→ **Try it**
Give the records again exactly as written. Leave out the pictures.

Start of Entries shown

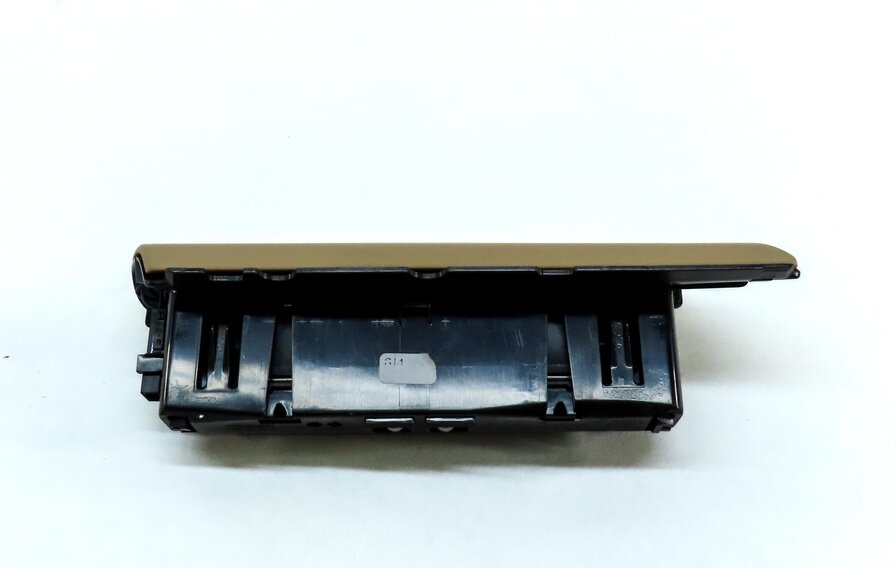 Thumbnail 3: 2011 PORSCHE CAYENNE (958) REAR RIGHT DOOR SLIDE OUT STORAGE CUBBY (BEIGE)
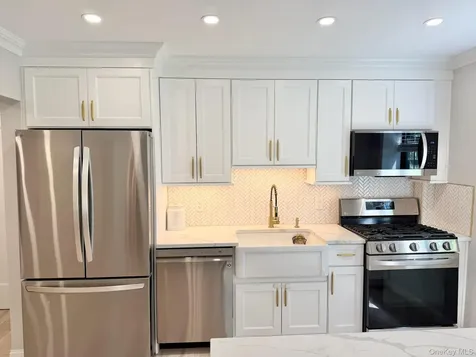 1271 California Road Eastchester NY 10709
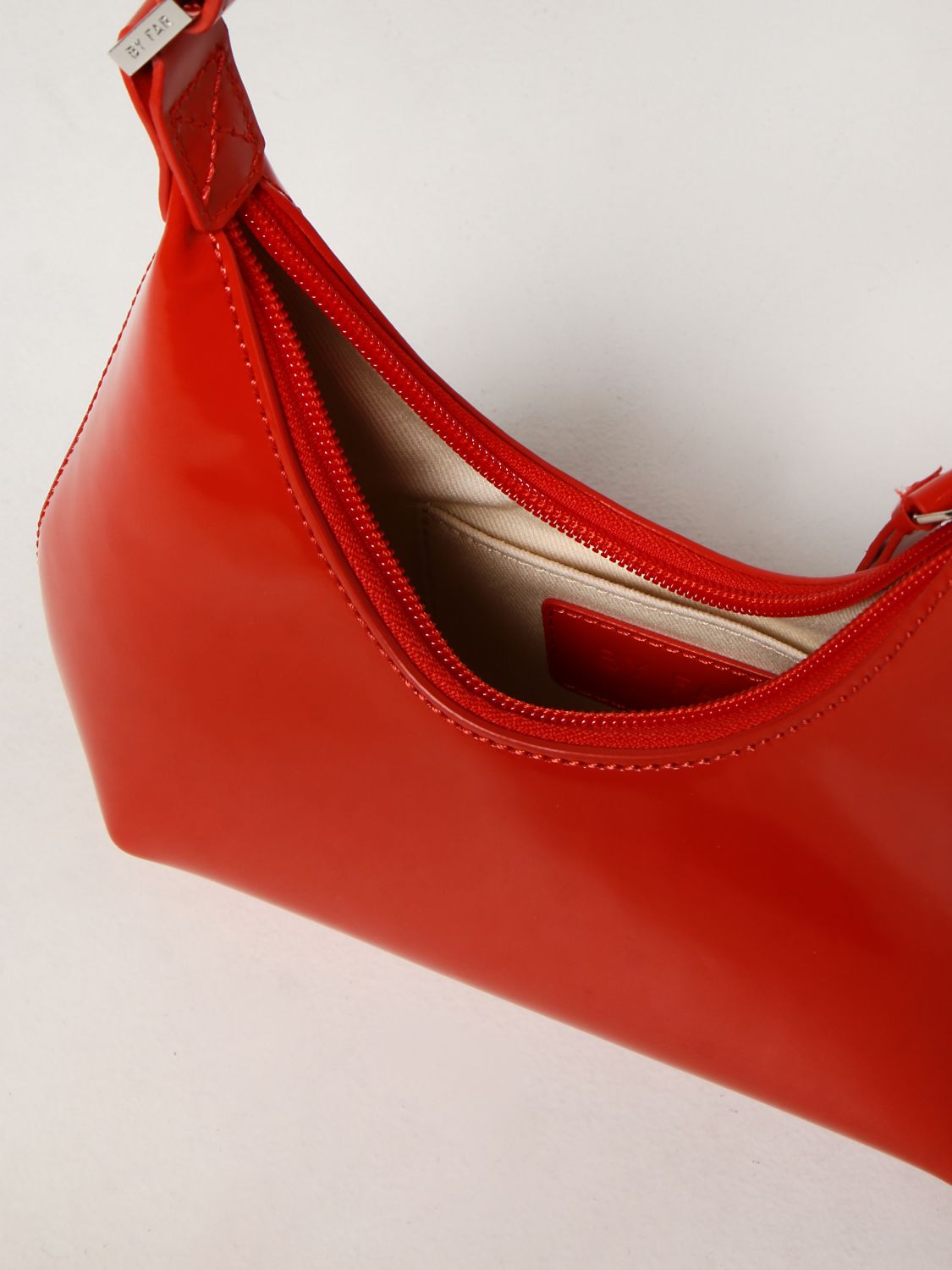 Mini sac à main By Far: Sac porté épaule femme By Far rouge 5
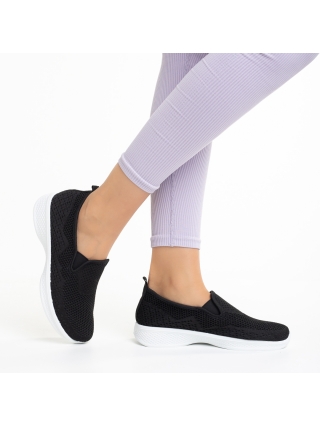 Дамски спортни обувки, Дамски спортни обувки  бели с черно от текстилен материал  Leanne - Kalapod.bg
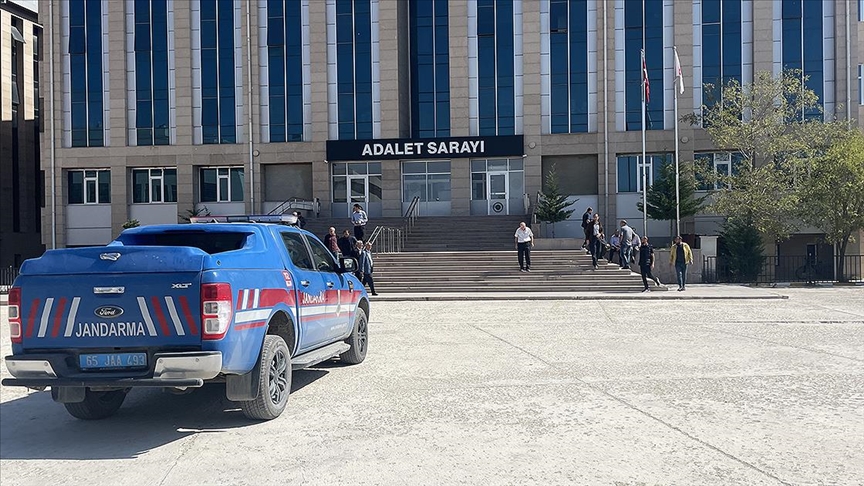 Doktor darp ettiler, tutuklandılar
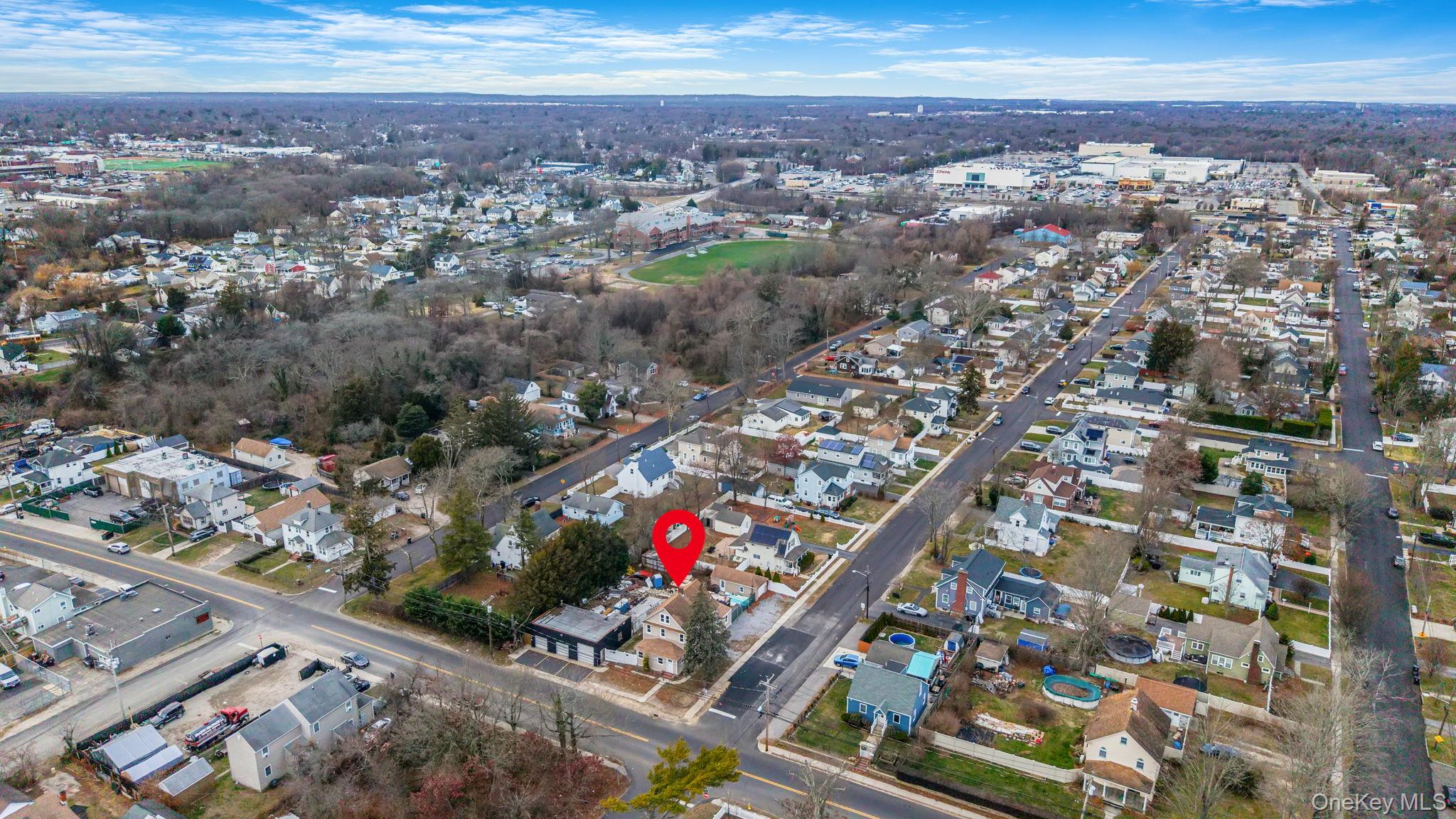 45 Redington Street, Bay Shore, NY 11706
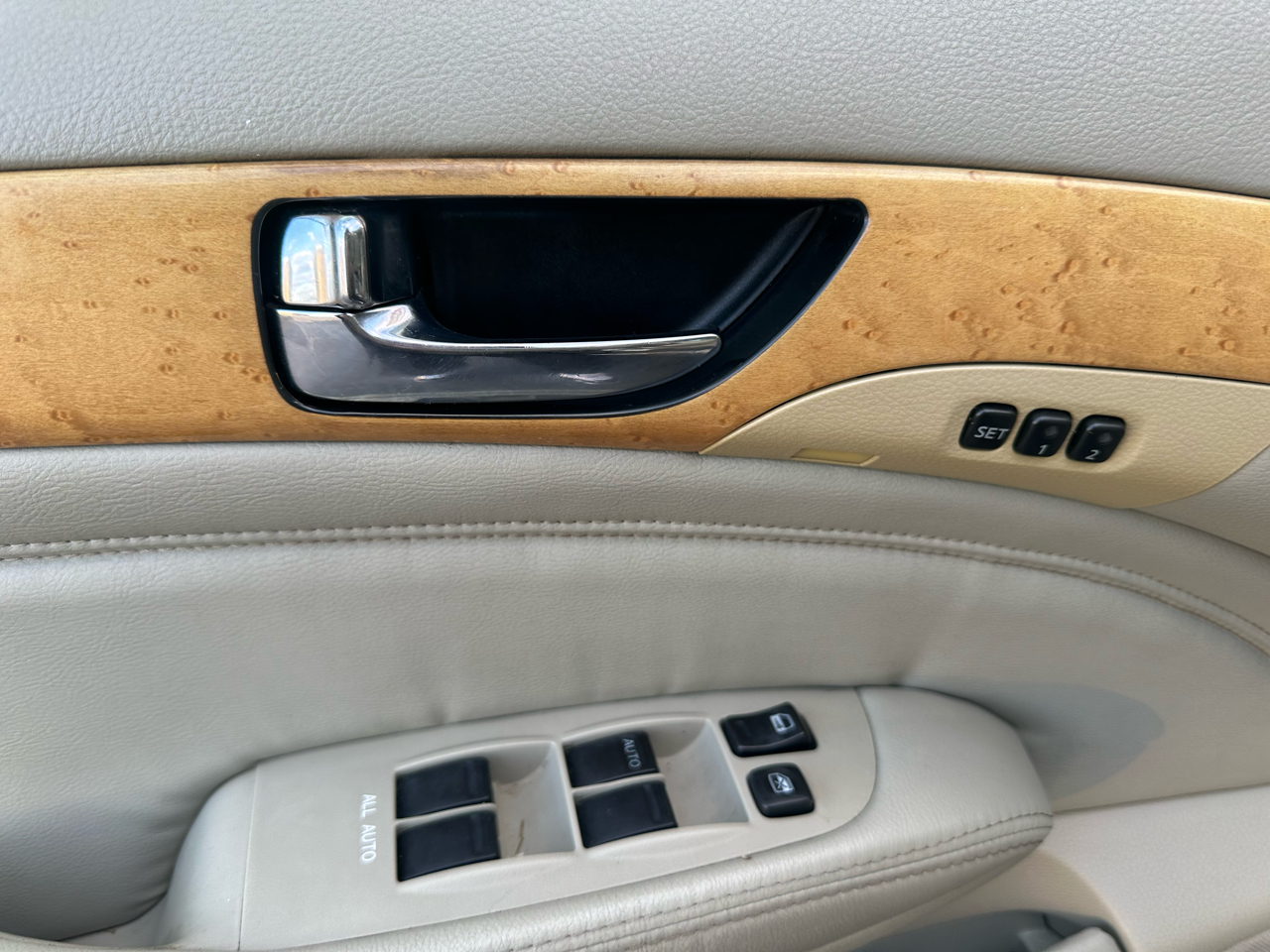 Infiniti Q45 Luxury 2003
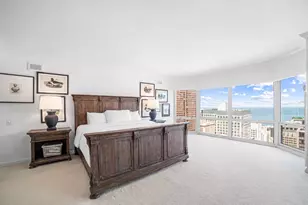 100 E Huron St, Chicago, IL 60611 - Photo 27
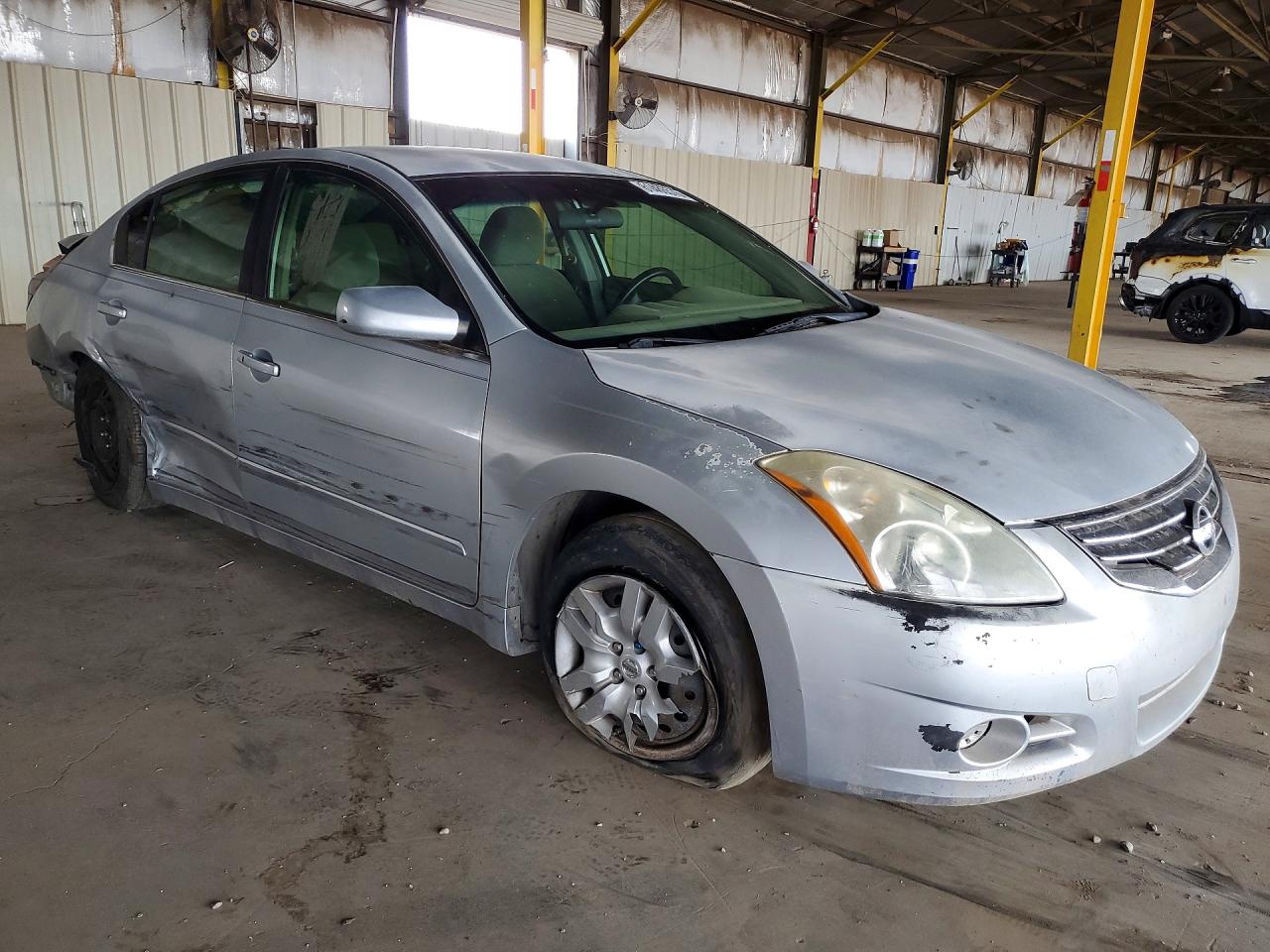 2010 Nissan Altima 2.5 Silver vin: 1N4AL2AP3AN447774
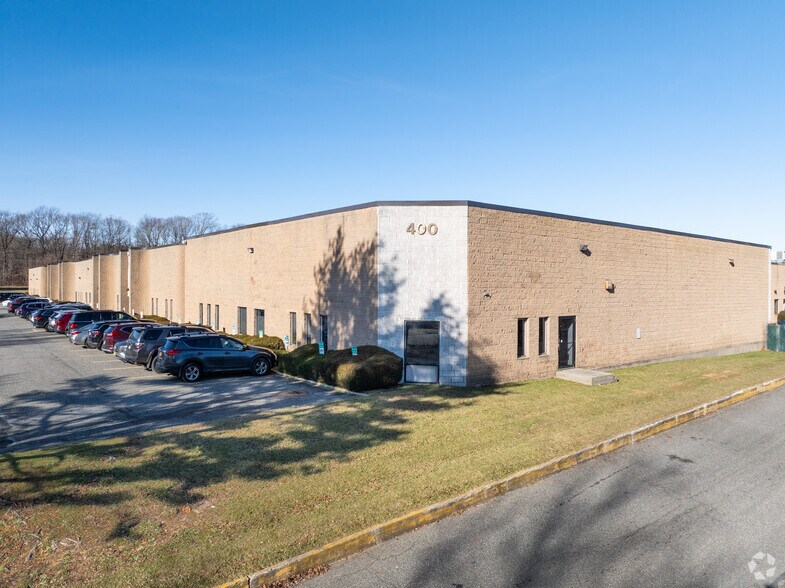 More Photos Of 400 Oser Ave, Hauppauge Warehouse For Lease
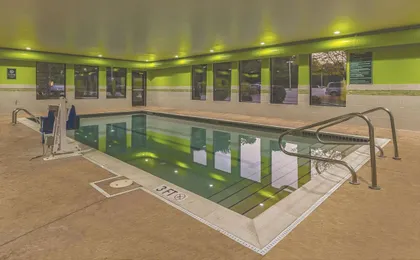 La Quinta Inn & Suites by Wyndham Cleveland Airport West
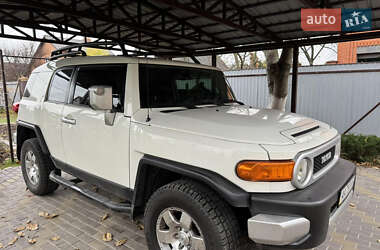 Внедорожник / Кроссовер Toyota FJ Cruiser 2010 в Киеве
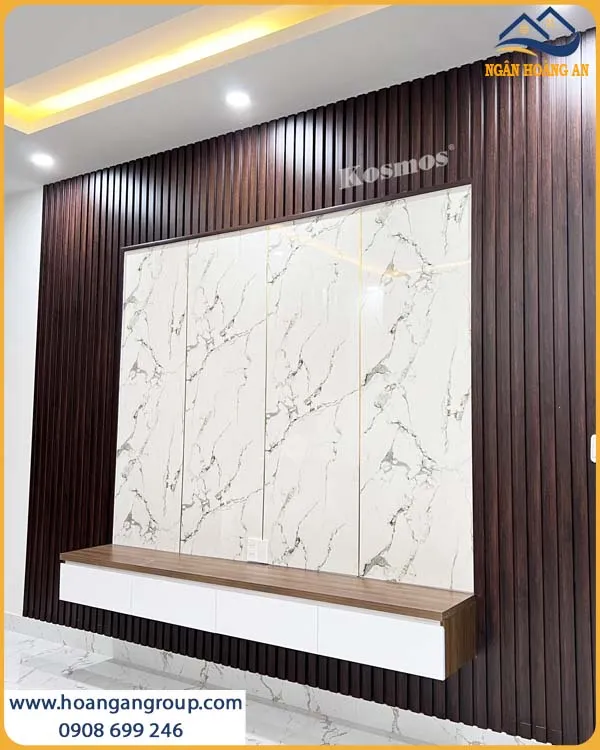 Vách Tivi Sang Trọng Với PVC Giả Đá Kết Hợp Lam Sóng Giả Gỗ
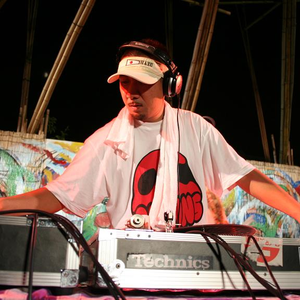 野良犬 feat.ILL BOSSTINO | DJ 刃頭 Lyrics, Meaning & Videos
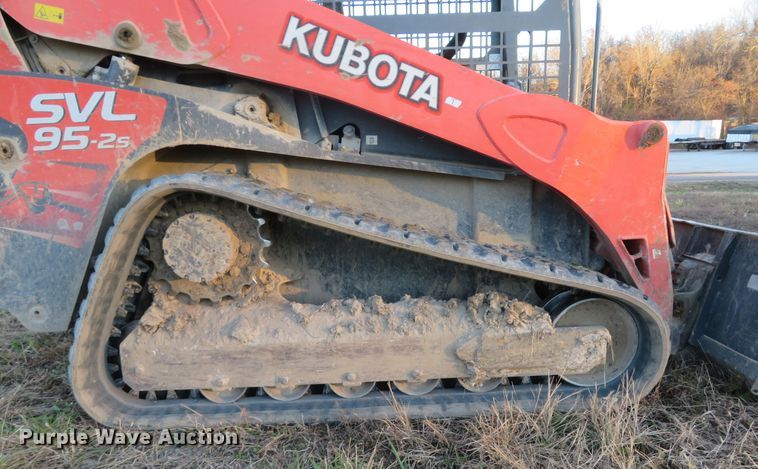 image for item FP9466 2016 Kubota SVL95-2S  tracked skid steer loader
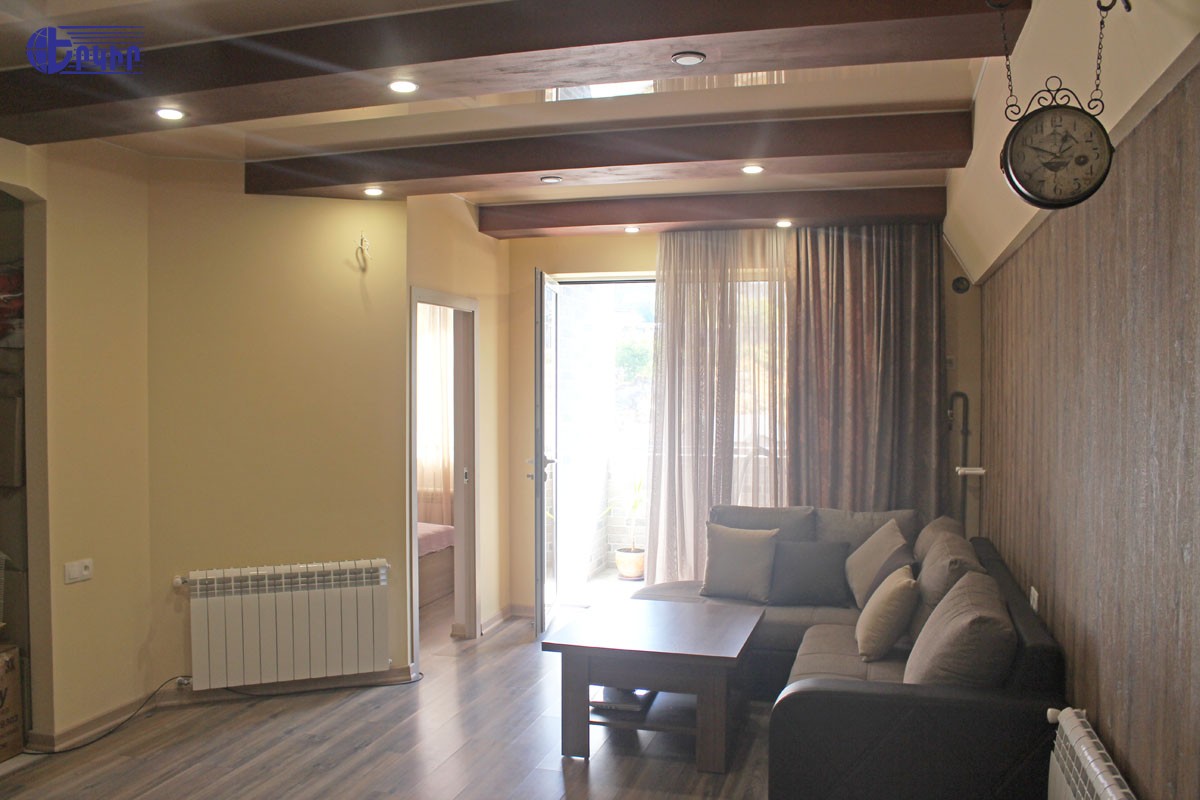 Apartments Code: 9+80033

End of Entries shown

→ **Answer for this exercise**
 Thumbnail 3: 2011 PORSCHE CAYENNE (958) REAR RIGHT DOOR SLIDE OUT STORAGE CUBBY (BEIGE)
 1271 California Road Eastchester NY 10709
 Mini sac à main By Far: Sac porté épaule femme By Far rouge 5
 Дамски спортни обувки, Дамски спортни обувки  бели с черно от текстилен материал  Leanne - Kalapod.bg
 Doktor darp ettiler, tutuklandılar
 45 Redington Street, Bay Shore, NY 11706
 Infiniti Q45 Luxury 2003
 100 E Huron St, Chicago, IL 60611 - Photo 27
 2010 Nissan Altima 2.5 Silver vin: 1N4AL2AP3AN447774
 More Photos Of 400 Oser Ave, Hauppauge Warehouse For Lease
 La Quinta Inn & Suites by Wyndham Cleveland Airport West
 Внедорожник / Кроссовер Toyota FJ Cruiser 2010 в Киеве
 Vách Tivi Sang Trọng Với PVC Giả Đá Kết Hợp Lam Sóng Giả Gỗ
 野良犬 feat.ILL BOSSTINO | DJ 刃頭 Lyrics, Meaning & Videos
 image for item FP9466 2016 Kubota SVL95-2S  tracked skid steer loader
 Apartments Code: 9+80033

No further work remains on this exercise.